PROBLEM: Copy out and return the lines from the one holding "Polymer Engineering 2" to the end of the listing below, both included, omitting the pictures.

DATASET SECTION:
= = =

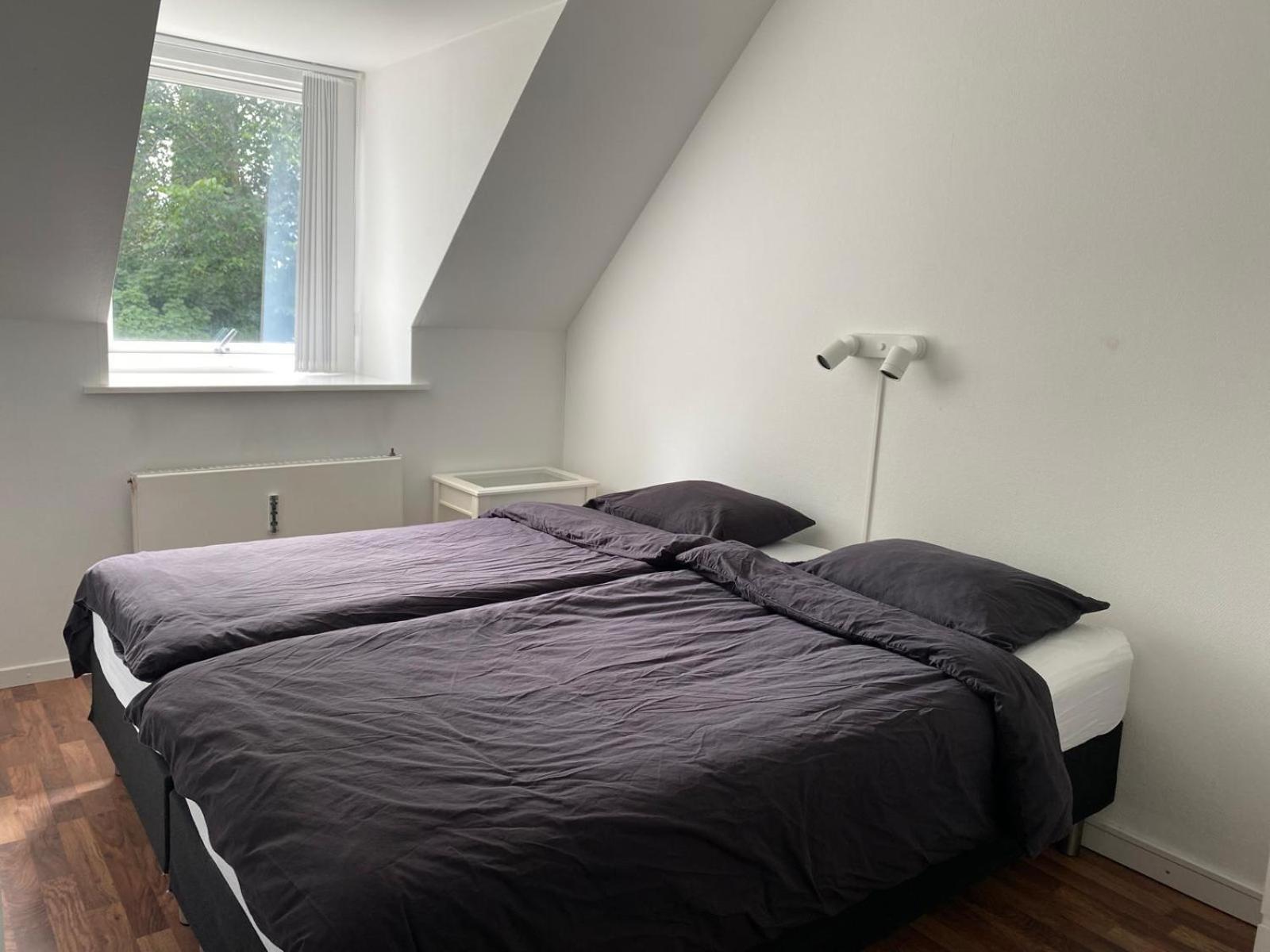 Renovated Apartment Birkerod Luaran gambar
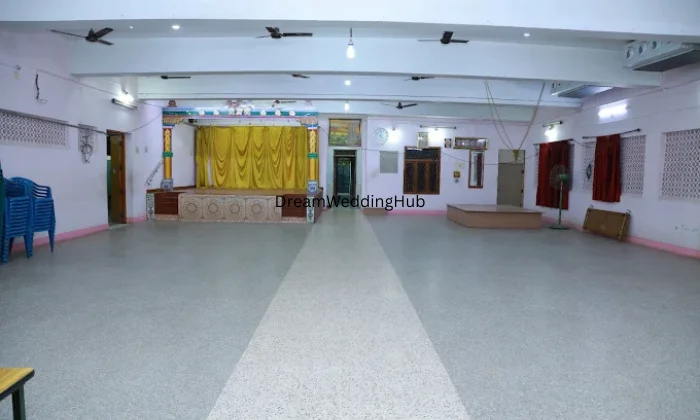 Sm K Kalyana Mandapam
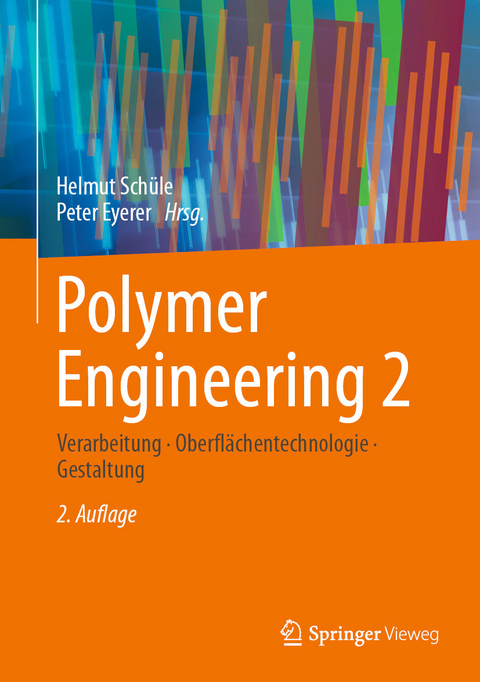 Polymer Engineering 2 - 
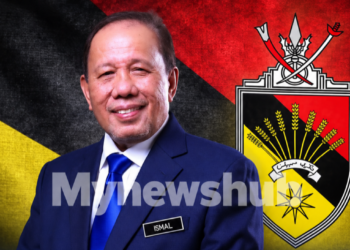 Pemecatan EXCO Tidak Sah, Kekhilafan Dari Sudut Perundangan – MB Negeri Sembilan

= = =

SOLUTION:
 Polymer Engineering 2 - 
 Pemecatan EXCO Tidak Sah, Kekhilafan Dari Sudut Perundangan – MB Negeri Sembilan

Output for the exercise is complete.